Moderne Verfahren der Informatik sind notwendig, um große Datenmengen und um komplexe Modelle anwenden zu können. Das Arbeitsfeld reicht von der mobilen Datenerfassung, über Datenbanken bis zu der Erstellung komplexer Anwendungsprogramme und zur Verbreitung von Wissen über das Internet.

Drei Querschnittsaufgaben leistet das Sachgebiet für die ganze Versuchsanstalt:

  1. Die Koordination der Hard- und Softwarebeschaffung, die Beratung beim Einsatz von Soft- und Hardware, die Betreuung der Netze, die EDV-Schulung von Mitarbeitern der NW-FVA  und Programmierung spezieller Anwendungen. Dazu gehört auch der Einsatz und Test von Programmen aus dem Open Source Bereich, wie FreeBSD, Linux, Samba, Apache, MySQL, PostgreSQL, Java, NetBeans, R-Statistik, Typo3, Studip, Libre Office, Thunderbird, Firefox, etc. mit denen in den letzten Jahren überwiegend positive Erfahrungen gesammelt wurden und die zu einer erheblichen Kostenreduktion beigetragen haben.

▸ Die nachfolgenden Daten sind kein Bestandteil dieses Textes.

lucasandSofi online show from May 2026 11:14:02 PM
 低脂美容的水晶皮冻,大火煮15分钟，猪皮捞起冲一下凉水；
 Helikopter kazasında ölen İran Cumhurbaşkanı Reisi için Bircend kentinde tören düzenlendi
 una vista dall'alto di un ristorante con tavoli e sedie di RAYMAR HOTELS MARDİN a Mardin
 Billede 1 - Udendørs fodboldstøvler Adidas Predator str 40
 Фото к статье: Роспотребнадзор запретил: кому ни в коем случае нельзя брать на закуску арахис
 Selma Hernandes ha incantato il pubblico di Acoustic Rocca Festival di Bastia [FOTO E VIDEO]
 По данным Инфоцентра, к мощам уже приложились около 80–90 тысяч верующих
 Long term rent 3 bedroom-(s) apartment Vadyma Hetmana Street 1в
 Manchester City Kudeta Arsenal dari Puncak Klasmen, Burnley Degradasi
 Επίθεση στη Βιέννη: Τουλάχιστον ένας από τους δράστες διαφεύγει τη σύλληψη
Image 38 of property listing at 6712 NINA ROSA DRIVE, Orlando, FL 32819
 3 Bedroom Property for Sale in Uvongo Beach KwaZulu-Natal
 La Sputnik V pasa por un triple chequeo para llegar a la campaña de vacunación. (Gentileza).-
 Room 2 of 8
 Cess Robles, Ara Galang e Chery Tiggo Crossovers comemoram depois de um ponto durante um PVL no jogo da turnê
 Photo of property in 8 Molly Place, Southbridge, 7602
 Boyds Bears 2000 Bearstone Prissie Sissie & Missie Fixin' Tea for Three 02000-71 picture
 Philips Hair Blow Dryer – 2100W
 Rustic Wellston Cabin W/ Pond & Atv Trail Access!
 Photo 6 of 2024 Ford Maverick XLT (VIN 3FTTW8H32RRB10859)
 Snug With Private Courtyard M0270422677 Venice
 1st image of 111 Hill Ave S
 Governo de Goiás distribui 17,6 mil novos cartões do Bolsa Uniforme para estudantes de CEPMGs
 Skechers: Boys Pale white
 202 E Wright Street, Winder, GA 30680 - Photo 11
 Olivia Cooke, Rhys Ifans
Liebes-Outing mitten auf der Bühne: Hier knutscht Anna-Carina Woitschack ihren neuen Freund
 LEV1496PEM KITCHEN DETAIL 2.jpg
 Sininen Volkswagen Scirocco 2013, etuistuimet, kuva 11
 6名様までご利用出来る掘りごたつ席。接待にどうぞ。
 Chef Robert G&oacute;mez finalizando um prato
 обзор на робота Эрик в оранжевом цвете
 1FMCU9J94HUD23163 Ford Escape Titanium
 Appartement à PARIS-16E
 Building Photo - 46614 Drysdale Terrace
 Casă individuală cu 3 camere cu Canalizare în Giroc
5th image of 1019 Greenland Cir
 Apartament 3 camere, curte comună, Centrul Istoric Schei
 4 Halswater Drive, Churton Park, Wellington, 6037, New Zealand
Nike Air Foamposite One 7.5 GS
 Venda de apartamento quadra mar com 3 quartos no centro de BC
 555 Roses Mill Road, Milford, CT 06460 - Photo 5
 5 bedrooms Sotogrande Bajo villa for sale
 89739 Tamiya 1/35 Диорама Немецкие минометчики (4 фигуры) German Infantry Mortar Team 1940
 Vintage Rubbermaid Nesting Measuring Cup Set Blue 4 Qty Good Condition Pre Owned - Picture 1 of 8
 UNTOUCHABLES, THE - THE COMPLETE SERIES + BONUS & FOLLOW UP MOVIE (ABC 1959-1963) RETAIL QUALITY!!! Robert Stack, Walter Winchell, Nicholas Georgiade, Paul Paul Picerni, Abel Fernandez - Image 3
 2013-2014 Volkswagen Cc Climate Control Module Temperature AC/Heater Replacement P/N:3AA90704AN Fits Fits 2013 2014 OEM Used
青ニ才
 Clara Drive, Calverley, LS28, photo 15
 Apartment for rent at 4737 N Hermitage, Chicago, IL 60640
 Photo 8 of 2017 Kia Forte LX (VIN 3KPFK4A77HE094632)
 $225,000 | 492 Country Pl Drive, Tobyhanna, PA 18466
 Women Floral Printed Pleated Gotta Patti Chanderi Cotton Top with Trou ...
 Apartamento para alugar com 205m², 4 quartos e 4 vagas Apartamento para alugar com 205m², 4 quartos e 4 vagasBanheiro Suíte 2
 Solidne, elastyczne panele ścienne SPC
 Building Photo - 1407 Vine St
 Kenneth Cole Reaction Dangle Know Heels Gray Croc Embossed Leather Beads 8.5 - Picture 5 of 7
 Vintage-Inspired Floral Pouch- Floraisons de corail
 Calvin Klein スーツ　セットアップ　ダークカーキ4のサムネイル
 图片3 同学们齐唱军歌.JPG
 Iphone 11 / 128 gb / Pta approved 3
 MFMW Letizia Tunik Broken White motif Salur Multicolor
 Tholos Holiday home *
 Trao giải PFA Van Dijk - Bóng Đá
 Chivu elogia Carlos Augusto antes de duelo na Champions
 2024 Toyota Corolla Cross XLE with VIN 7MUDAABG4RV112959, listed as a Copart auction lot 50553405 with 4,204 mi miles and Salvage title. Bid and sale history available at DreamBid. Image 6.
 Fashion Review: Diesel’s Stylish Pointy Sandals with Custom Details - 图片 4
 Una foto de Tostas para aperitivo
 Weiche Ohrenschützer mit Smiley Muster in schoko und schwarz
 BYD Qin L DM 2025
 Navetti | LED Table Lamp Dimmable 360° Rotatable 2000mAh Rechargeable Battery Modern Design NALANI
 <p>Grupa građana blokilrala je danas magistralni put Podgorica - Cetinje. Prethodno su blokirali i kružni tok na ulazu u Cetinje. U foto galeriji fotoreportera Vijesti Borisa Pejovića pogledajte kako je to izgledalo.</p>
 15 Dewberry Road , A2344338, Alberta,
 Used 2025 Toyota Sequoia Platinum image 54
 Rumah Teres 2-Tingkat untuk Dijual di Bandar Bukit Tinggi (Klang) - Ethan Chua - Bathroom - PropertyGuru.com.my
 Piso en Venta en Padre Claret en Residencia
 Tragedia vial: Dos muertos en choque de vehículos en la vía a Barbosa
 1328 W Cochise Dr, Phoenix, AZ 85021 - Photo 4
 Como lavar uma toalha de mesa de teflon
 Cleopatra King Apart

  2. Die biometrische Beratung bei Versuchsanlagen, Inventurdesigns und statistischen Auswertungen sowie Schulungen der Wissenschaftler.
  3. Die Konzeption, Erstellung und Wartung von Web-Portalen und Web- Services, wie das Waldschutzmeldewesen, Erntezulassungsregister, Herkunftsempfehlungen und die Darstellung der Flächen zur Nationalen Waldstrategie.